In the outer layers of the magnetosphere, where Earth's magnetic field meets the solar wind, reconnection events create temporary magnetic "portals" connecting Earth to the sun. Inside the magnetosphere, in a long drawn-out structure called "the magnetotail," reconnection propels high-energy plasma clouds toward Earth, triggering Northern Lights when they hit.
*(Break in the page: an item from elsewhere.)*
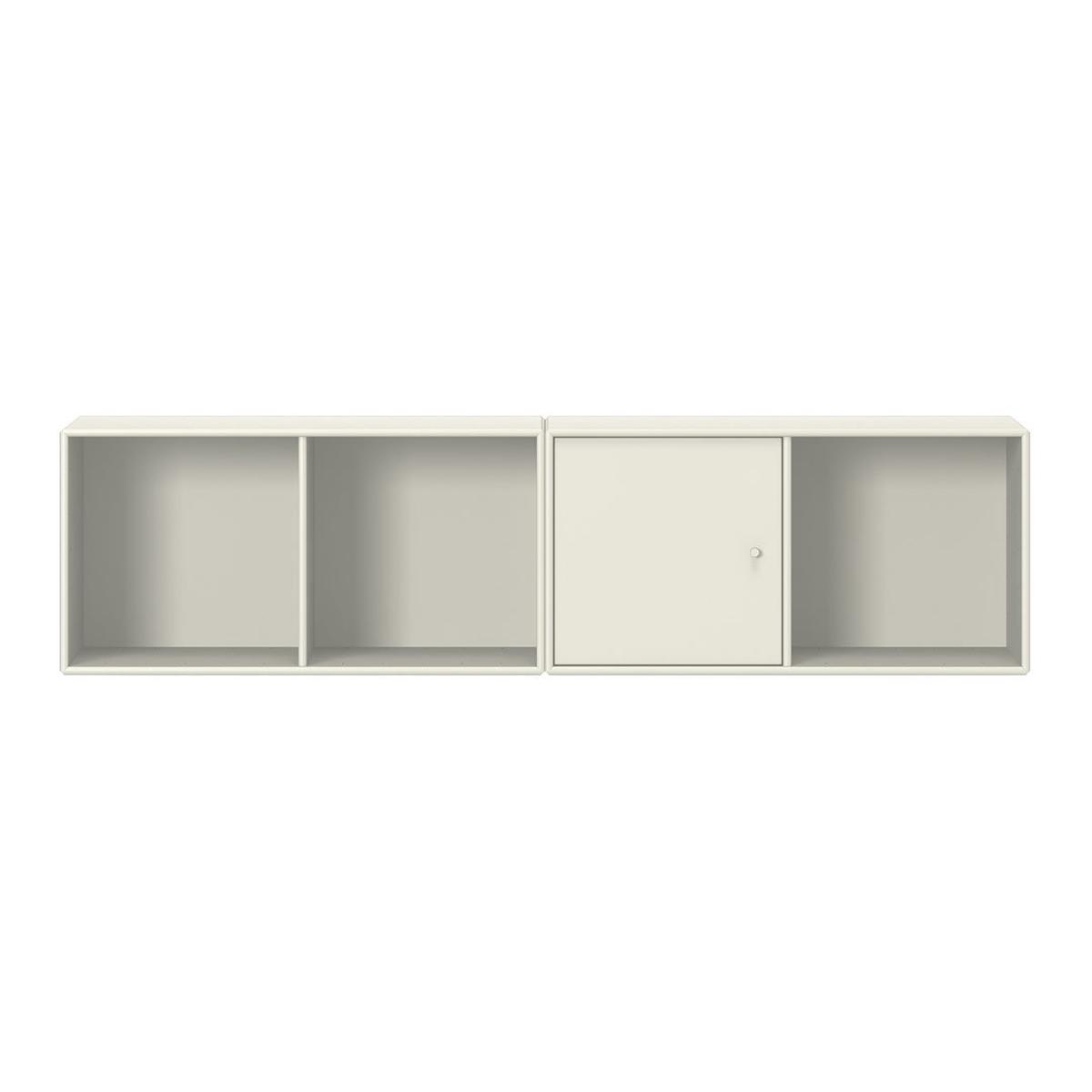 Line Wall-Mounted Shelving - 6112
There are many other examples, and MMS will explore them all.

The four spacecraft will be built at the Goddard Space Flight Center. "Each observatory is shaped like a giant hockey puck, about 12 feet in diameter and 4 feet in height," says Karen Halterman, MMS Project Manager at Goddard.
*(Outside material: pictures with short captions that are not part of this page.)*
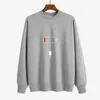 Kvinnors hoodies tr￶jor Anpassad vit batteriprocent Bild Sweatshirt L￥nga ￤rmar Personlighet Creative Anpassa det procentuella antalet du vill ha 221124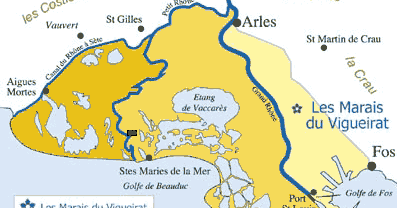 Bac du Sauvage Bouvine et Traditions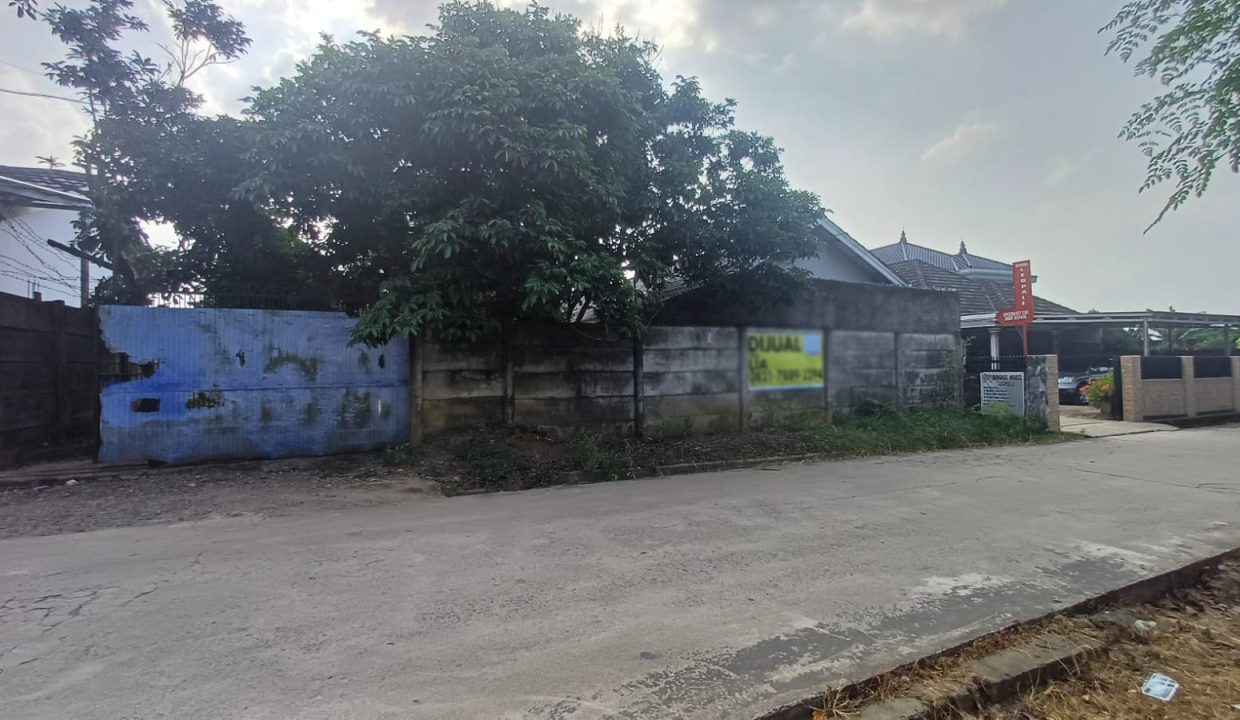DIJUAL TANAH BONUS BANGUNAN JALAN AMD TALANG JAMBE PALEMBANG (2)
Above: An artist's concept of the four MMS spacecraft flying in formation through the space around Earth. [more]

The mission's sensors for monitoring electromagnetic fields and charged particles are being built at a number of universities and laboratories around the country, led by the Southwest Research Institute. When the instruments are done, they will be integrated into the spacecraft frames at Goddard. Launch is scheduled for 2014 onboard an Atlas V rocket.
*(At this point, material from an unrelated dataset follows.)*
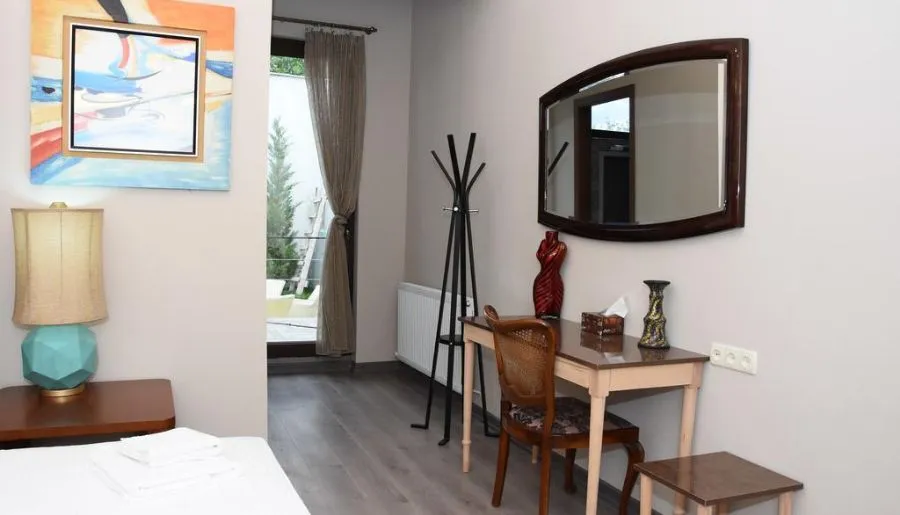 White residence Tsavkisi — ფოტო 42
Any new physics MMS learns could ultimately help alleviate the energy crisis on Earth.

"For many years, researchers have looked to fusion as a clean and abundant source of energy for our planet," says Burch. "One approach, magnetic confinement fusion, has yielded very promising results with devices such as tokamaks. But there have been problems keeping the plasma (hot ionized gas) contained in the chamber."

"One of the main problems is magnetic reconnection," he continues. "A spectacular and even dangerous result of reconnection is known as the sawtooth crash. As the heat in the tokamak builds up, the electron temperature reaches a peak and then 'crashes' to a lower value, and some of the hot plasma escapes. This is caused by reconnection of the containment field."

Right: Inside a tokamak. Image credit: Lawrence Berkeley Labs [more]

In light of this, you might suppose that tokamaks would be a good place to study reconnection. But no, says Burch. Reconnection in a tokamak happens in such a tiny volume, only a few millimeters wide, that it is very difficult to study. It is practically impossible to build sensors small enough to probe the reconnection zone.

Earth's magnetosphere is much better. In the expansive magnetic bubble that surrounds our planet, the process plays out over volumes as large as tens of kilometers across. "We can fly spacecraft in and around it and get a good look at what's going on," he says.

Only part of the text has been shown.